Produit par Jay et Mark Duplass (Cyrus, Jeff who lives at home), TANGERINE de Sean S. Baker arrive en France avec son statut de film transgender ayant glané, entre autres, le prix du jury au dernier festival de Deauville. En matière de « buzz », il est vrai que TANGERINE a de sérieux arguments à faire valoir : des comédiennes transgenres (Kitana Kiki Rodriguez, Mya Taylor) filmées avec un smartphone (trois iPhones 5S dotés de lentilles anamorphiques pour être précis). Au-delà de ses attributs « tape à l’œil », le film s’éparpille dans diverses formes qui réduisent, au final, la portée expérimentale du geste de Baker.
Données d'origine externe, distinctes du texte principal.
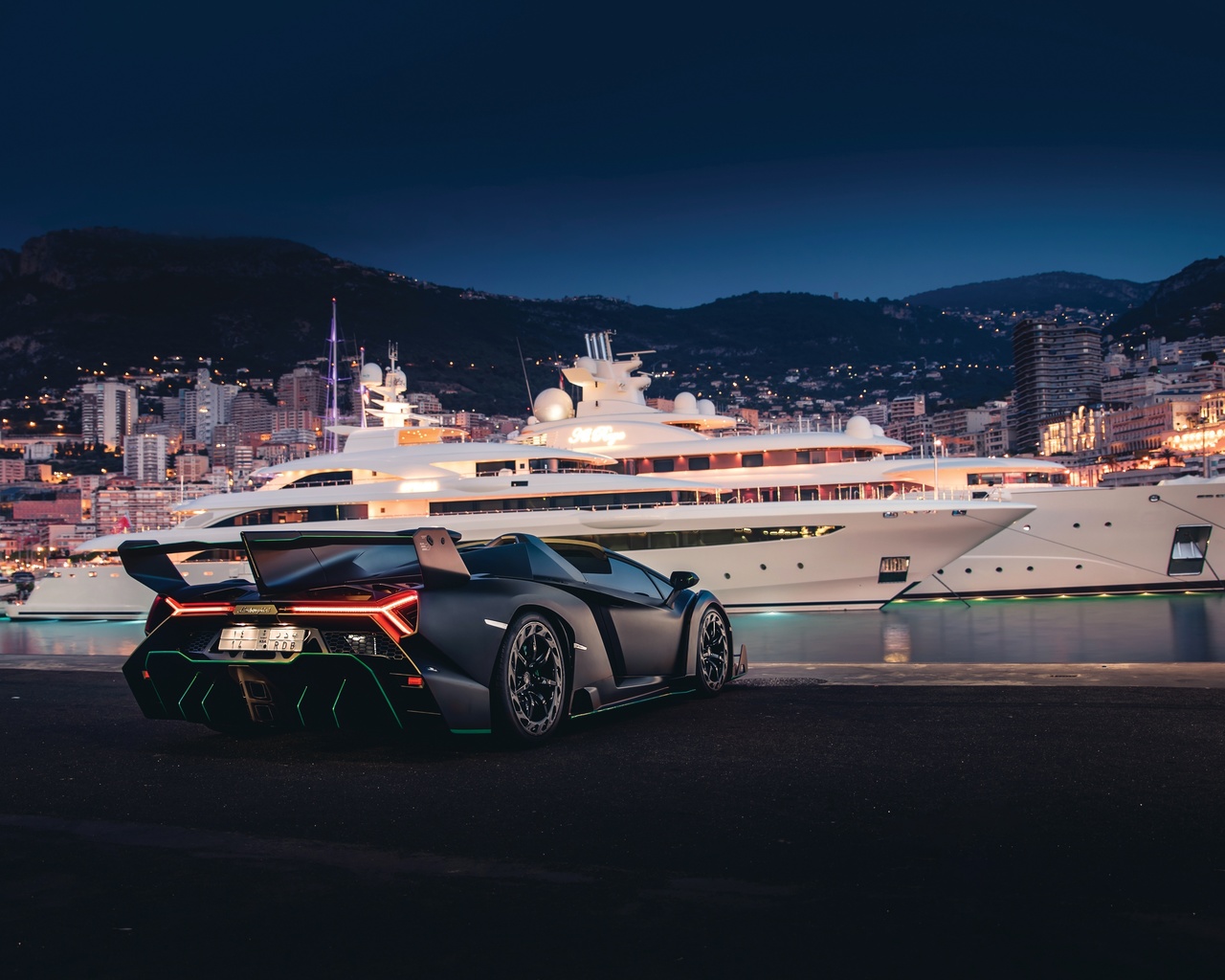 , , , monte carlo, veneno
La première forme, influencée par le cinéma extrasensoriel d’Harmony Korine, exalte le quotidien bouillant de jeunes prostituées du quartier de Tangerine à L.A, entre West Hollywood et Santa Monica Boulevard. Le « téléphone » de Baker suit les pérégrinations de deux jeunes femmes la veille de Noël. Toute juste sortie de prison, Sin-Dee (Rodriguez) part à la recherche de la « morue blanche » qui aurait « couché » avec son proxénète attitré, qui fait également office de petit copain. Et Alexandra (Taylor), sa meilleure amie, qui, entre deux « passes », invite les personnes qu’elle connaît à l’une de ses représentations qui a lieu le soir même. Les enjeux dramatiques étant succincts, Baker essaye de transcender le quotidien de ses filles par une mise en scène remplie d’effets pompistes à l’image du cinéma de Korine. Mais chez le réalisateur de Spring breakers (2013), cela produit généralement du sens et de la matière.

Photo du film TANGERINE
© ARP Sélection

Certains effets visuels, comme ce filtre jaune tout droit sorti du Traffic (2000) de Steven Soderbergh, et sonores (musique hystérique et racoleuse) viennent quelque peu réduire la dimension réaliste du film au profit d’une iconographie fantasmée de la ville de L.A. L’ambiance chaude d’un soir d’hiver attise les tensions qui pullulent au gré de rencontres, souvent aussi violentes verbalement que physiquement. Personnage à part entière du film, le décor naturel du quartier, avec ses graffitis et diners ouverts jusqu’à l’aube, prend une dimension ludique inattendue. Les déplacements des jeunes filles tracent une sorte de cartographie du quartier, où chaque lieu visité offre une atmosphère particulière à défaut d’être originale. Par ses choix de cadrages – grand angle, profondeur de champ réduite, perspectives accentuées – Baker dresse le portrait étrange et fascinant de son quartier. D’où une impression de mouvement permanent, où le temps ne semble pas avoir d’emprises réelles sur leur vie – les gens travaillent à toute heure de la journée et de la nuit – trouvant écho dans les déplacements aléatoires, redondants et souvent vains des protagonistes qui, par leur rencontre idoine, revisitent la vitalité et la diversité du quartier. A l’image de la scène avec les jeunes alcoolisés sur le trottoir, ou bien celle de Sin-Dee sur le banc, l’arrêt, même momentané, semble totalement proscrit par l’univers du film.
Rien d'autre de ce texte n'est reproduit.